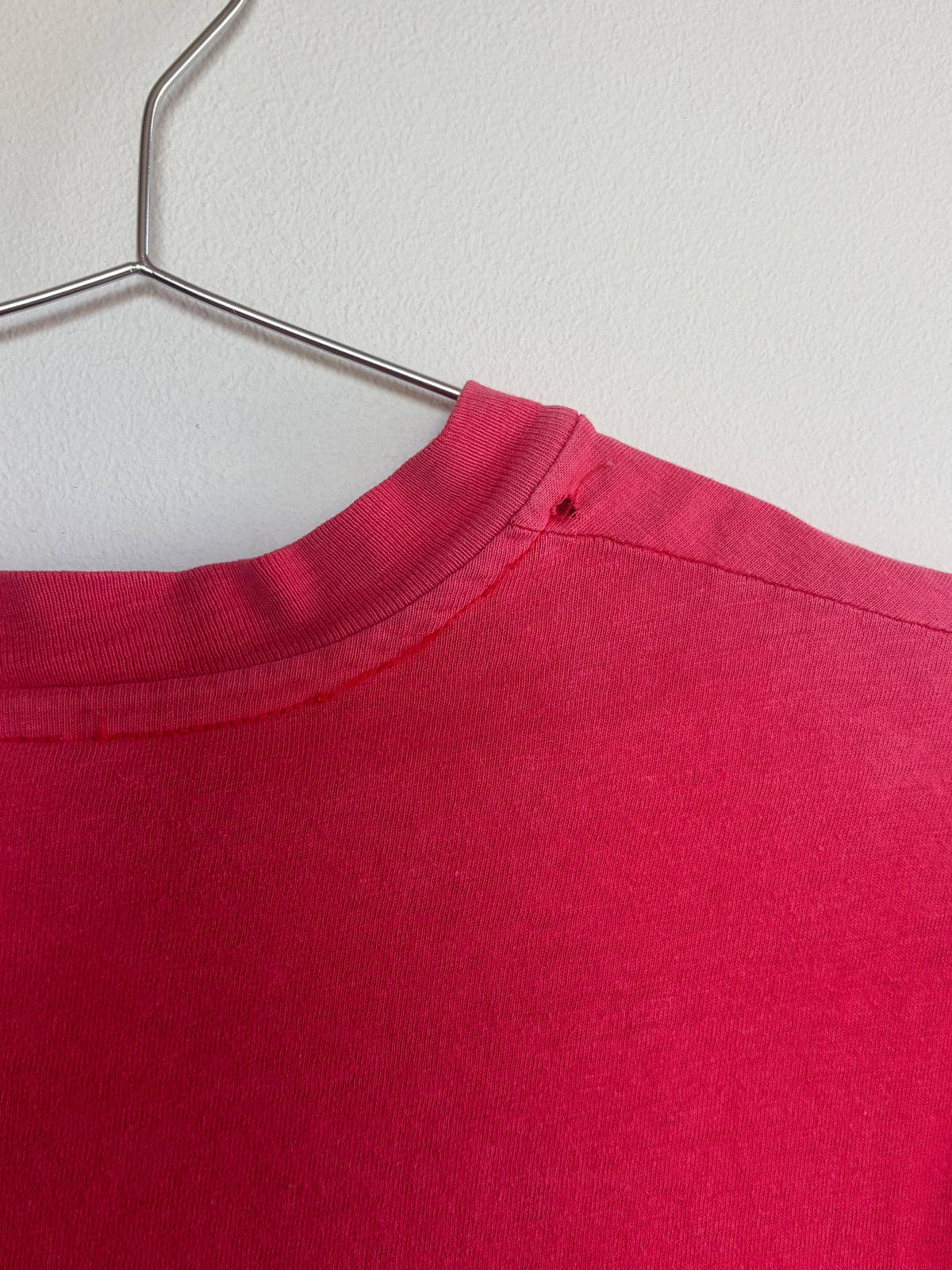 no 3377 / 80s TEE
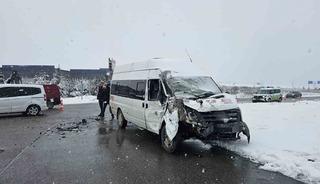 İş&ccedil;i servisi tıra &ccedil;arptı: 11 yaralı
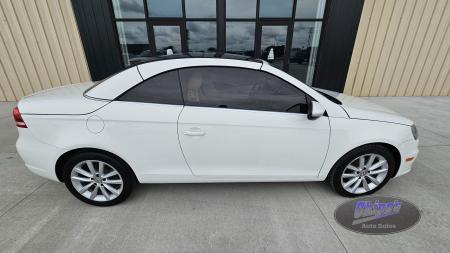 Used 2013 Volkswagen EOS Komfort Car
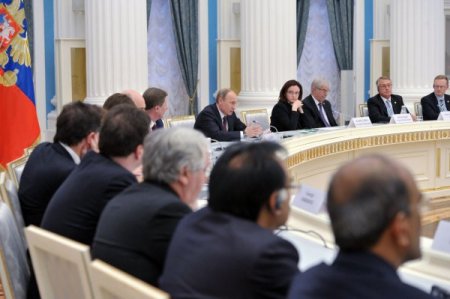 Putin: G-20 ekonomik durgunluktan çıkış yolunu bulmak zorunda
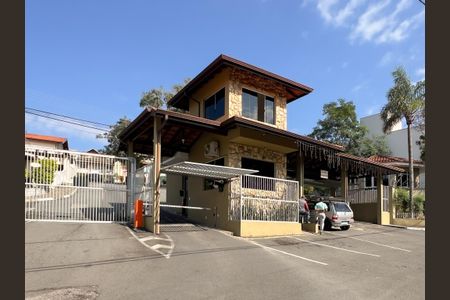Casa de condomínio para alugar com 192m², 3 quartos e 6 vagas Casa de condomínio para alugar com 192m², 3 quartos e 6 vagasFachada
● ● ● ● ●
* [What you will do]:
The data above is to be printed exactly, all of it, except for the pictures.

* [Answer to this exercise]:
 no 3377 / 80s TEE
 İş&ccedil;i servisi tıra &ccedil;arptı: 11 yaralı
 Used 2013 Volkswagen EOS Komfort Car
 Putin: G-20 ekonomik durgunluktan çıkış yolunu bulmak zorunda
Casa de condomínio para alugar com 192m², 3 quartos e 6 vagas Casa de condomínio para alugar com 192m², 3 quartos e 6 vagasFachada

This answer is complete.